• RECORDS FOR THE TASK:

________________________________________

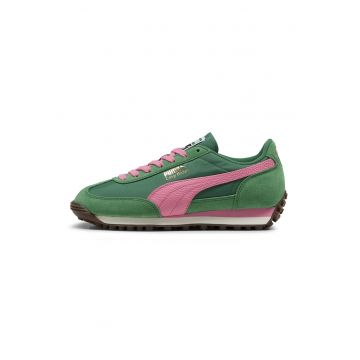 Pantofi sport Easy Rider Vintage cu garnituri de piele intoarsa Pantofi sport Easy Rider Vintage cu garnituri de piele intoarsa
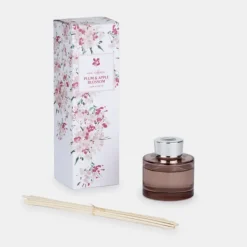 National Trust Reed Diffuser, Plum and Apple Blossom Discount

________________________________________

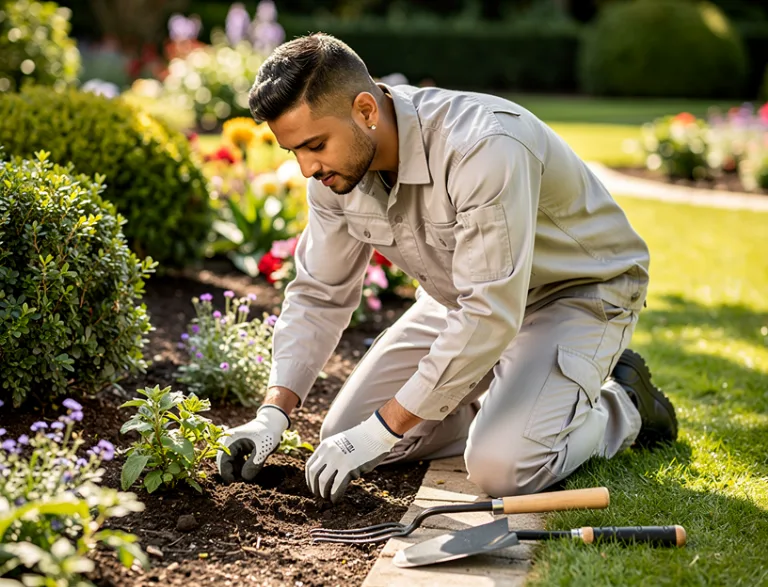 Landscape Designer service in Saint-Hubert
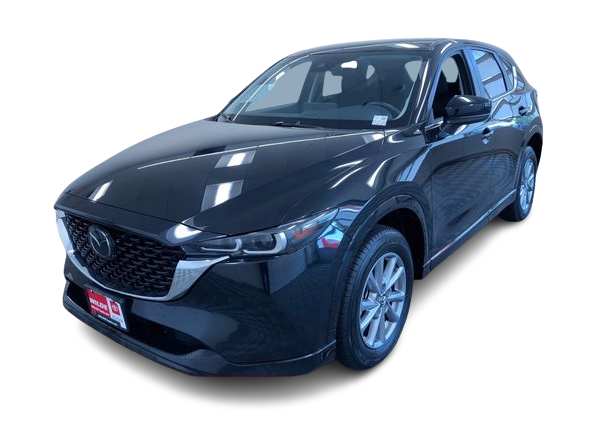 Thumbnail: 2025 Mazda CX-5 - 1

________________________________________

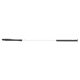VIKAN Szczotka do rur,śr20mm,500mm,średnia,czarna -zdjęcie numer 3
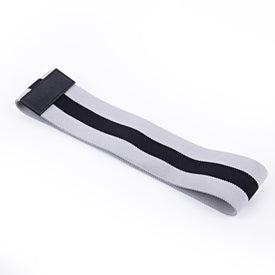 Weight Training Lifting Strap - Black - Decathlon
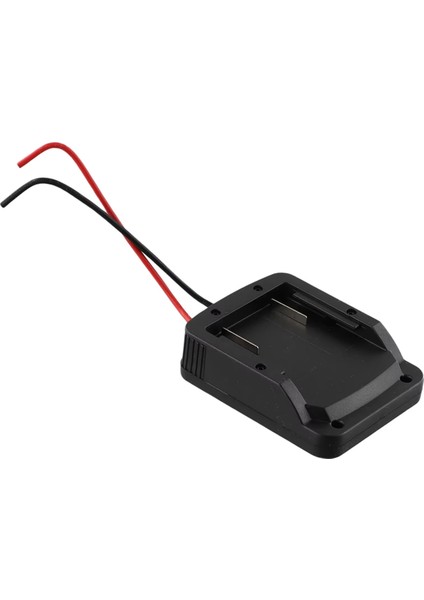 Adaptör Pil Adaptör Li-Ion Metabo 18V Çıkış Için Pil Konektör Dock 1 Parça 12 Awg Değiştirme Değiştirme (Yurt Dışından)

________________________________________

• TASK: Above are the records; return the lines in them from the one with "piele intoarsa Pantofi" to the one with "National Trust Reed", inclusive, exactly and without images.

• TASK RESPONSE:
 Pantofi sport Easy Rider Vintage cu garnituri de piele intoarsa Pantofi sport Easy Rider Vintage cu garnituri de piele intoarsa
 National Trust Reed Diffuser, Plum and Apple Blossom Discount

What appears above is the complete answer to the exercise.